Gregorz Greczynski – Benefits of metal-ion irradiation for nanostructure and phase control during thin film growth by magnetron sputtering
Ion irradiation is a key tool for controlling the nanostructure, phase content, and physical properties of refractory ceramic thin films grown by magnetron sputtering. Up until recently, thin film growth by magnetron sputtering relied on enhancing adatom mobility in the surface region by gas ion irradiation to obtain dense layers at low deposition temperatures.
Development of high power pulsed magnetron sputtering (HiPIMS), which provides metal-ion plasmas with tunable degree of ionization, enabled systematic studies of the effects of metal-ion irradiation on properties of refractory ceramic thin films.

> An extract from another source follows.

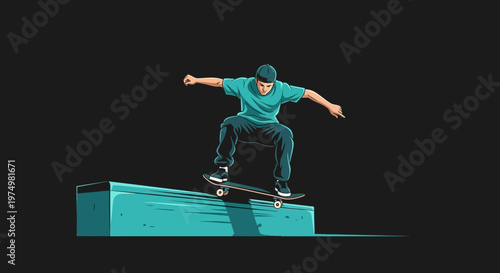 Dynamic Skateboarder Executes Precision Grind On Urban Obstacle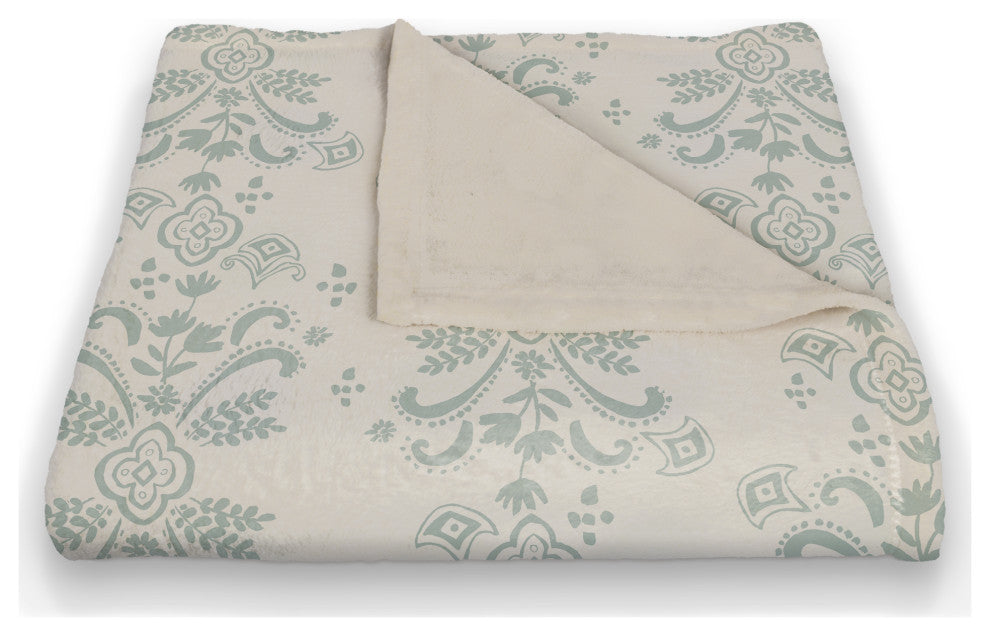 Blue Floral Crest 50x60 Coral Fleece Blanket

The original motivation for the use of metal-ions stems from the fact that they are film constituents, hence they can provide the benefits of ion-mixing (film densification at low film-growth temperatures) without causing the high compressive stresses associated with trapping of gas ions in interstitial sites.
Extensive studies conducted in our group during last decade using predominantly transition metal nitride model systems and a hybrid configuration with one target powered by HiPIMS, and the other operated in direct current magnetron sputtering (DCMS) mode, revealed the crucial role of the incident ion mass. Irradiation with lower-mass metal-ions (e.g., Al+ or Si+) results in the near-surface trapping with the depth which can be controlled by the amplitude of synchronously applied bias pulses. This allows unprecedented control over the phase content of metastable ternary nitrides.
At the other extreme, bombardment of the growing film surface with pulsed high-mass metal ion fluxes (e.g., W+ or Ta+) provides fully-dense, low stress, films without intentional substrate heating (substrate temperature during growth is lower than 130 oC). The high metal-ion mass irradiation leads to effective low-energy recoil generation that provide sufficient adatom mobility, necessary to obtain high-quality fully-dense films, in the absence of conventionally used resistive heating. Thus, the process energy consumption is greatly reduced, while the new possibilities open up for coating temperature-sensitive substrates.